A single-page handout left on each seat underscored Galliano's intention, printed with the lyrics to a song familiar to anyone who'd ever been to Sunday school: "Jesus loves the little children / All the children of the world. / Red and yellow, black and white, / They are precious in His sight. / Jesus loves the little children of the world."
Galliano's array of characters were dressed in clothes that merely hint at his spring collection, a sort of come-on ploy the designer has used before: the denim, the jackets with their sheer scrims of black, and the bias-cut gowns that hugged the derriere and then splashed to the floor in a curtain of chiffon. Some of this will be included in the frocks that await retailers in the showroom. One hopes that his references to tangos, his washed-out charcoal jackets and trousers, and his "Galliano Gazette" newspaper prints were not simply for spectacle. They can form the foundation of a fine spring collection.
The human-specimen display on the runway, meanwhile, was unnerving. The audience was invited to stare. (And mother always said that was impolite.) Were people applauding because the culture believes it takes an exceptional amount of nerve for a fat person to model an evening gown and not collapse in tearful embarrassment over the fact of her fleshy arms? (Cheer for the fat girl!) Whose sensitivities are really being appeased?
This admonishment was embroidered across Galliano's multicolored coats, and scrawled across the thin strip of chiffon that served as the show's invitation: "Don't cry for me, fashionista!" Inherent in that proclamation seems to be the accusation that the fashion industry -- with all of its self-important pronouncements about style and beauty -- need not pity those who don't fit its arbitrary definitions. The models on Galliano's runway swaggered with pride and confidence.
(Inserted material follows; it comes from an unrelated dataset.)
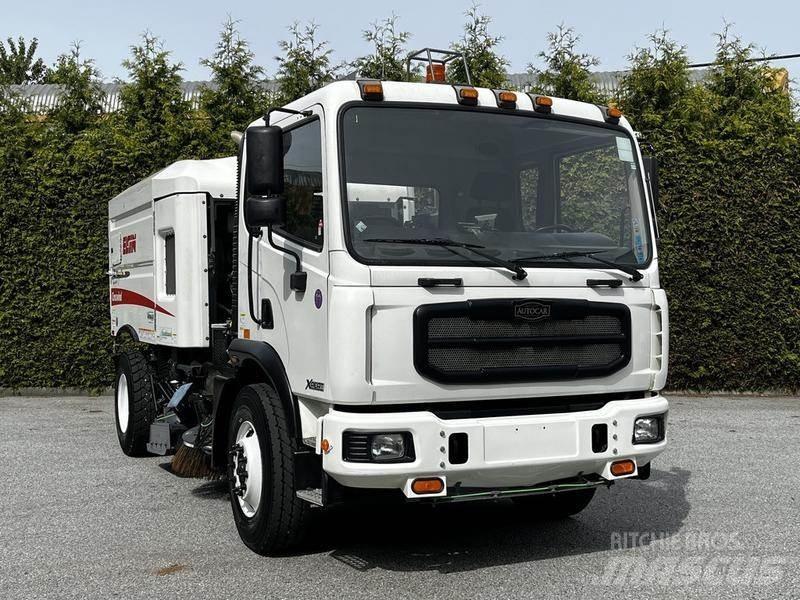Autocar Xpert Camion balayeur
The laughter at Galliano's show was complicated. Was the woman in the gray blazer and trousers funny simply because she was old -- and old people aren't considered beautiful, let alone worthy of walking down a fashion runway? Or the obese woman in the black strapless gown, accompanied down the runway by a muscular man in white leggings -- what did the audience find so funny? Was it the man's exaggerated stage makeup? Or was it the woman's size?
Galliano used fashion as a tool for provocation. No matter if people laughed, knitted their brows in confusion or shifted uncomfortably in their seats, there was no wrong way to respond. The question left to ponder, however, is whether there will ever be a right way.